THE DATA section start
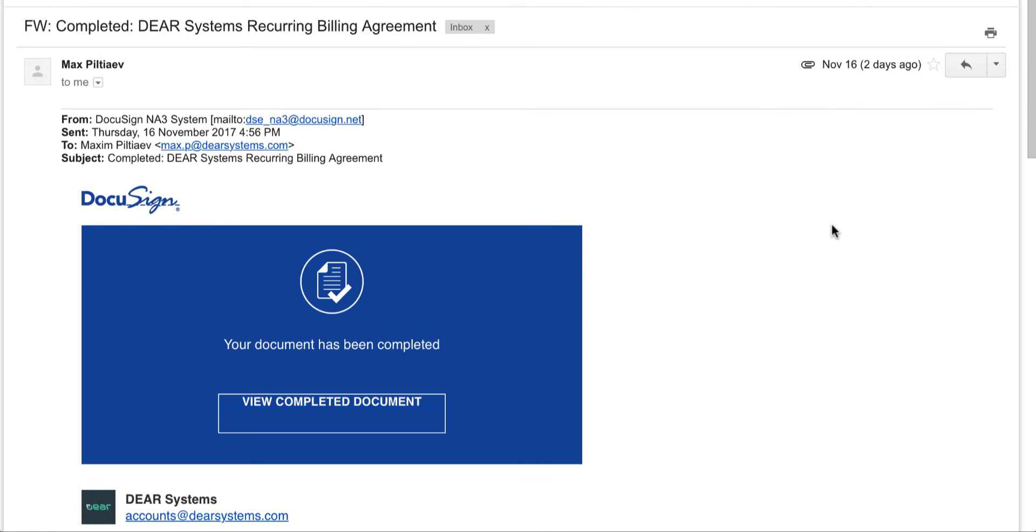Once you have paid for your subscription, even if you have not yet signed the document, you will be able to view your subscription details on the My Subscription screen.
THE DATA section end
THE DATA section start
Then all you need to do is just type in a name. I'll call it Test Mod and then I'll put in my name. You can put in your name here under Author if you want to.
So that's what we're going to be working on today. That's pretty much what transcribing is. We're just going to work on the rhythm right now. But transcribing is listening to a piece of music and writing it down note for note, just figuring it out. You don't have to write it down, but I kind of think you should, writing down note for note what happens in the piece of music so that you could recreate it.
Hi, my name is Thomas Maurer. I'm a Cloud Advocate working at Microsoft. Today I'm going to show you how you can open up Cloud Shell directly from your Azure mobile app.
THE DATA section end
» **TASK DESCRIPTION**: Taking the entries above, write out exactly each line from the one holding "So that's what" to the one holding "Hi, my name", both included, and stop there.

» **SOLUTION TO THIS PROBLEM**:
So that's what we're going to be working on today. That's pretty much what transcribing is. We're just going to work on the rhythm right now. But transcribing is listening to a piece of music and writing it down note for note, just figuring it out. You don't have to write it down, but I kind of think you should, writing down note for note what happens in the piece of music so that you could recreate it.
Hi, my name is Thomas Maurer. I'm a Cloud Advocate working at Microsoft. Today I'm going to show you how you can open up Cloud Shell directly from your Azure mobile app.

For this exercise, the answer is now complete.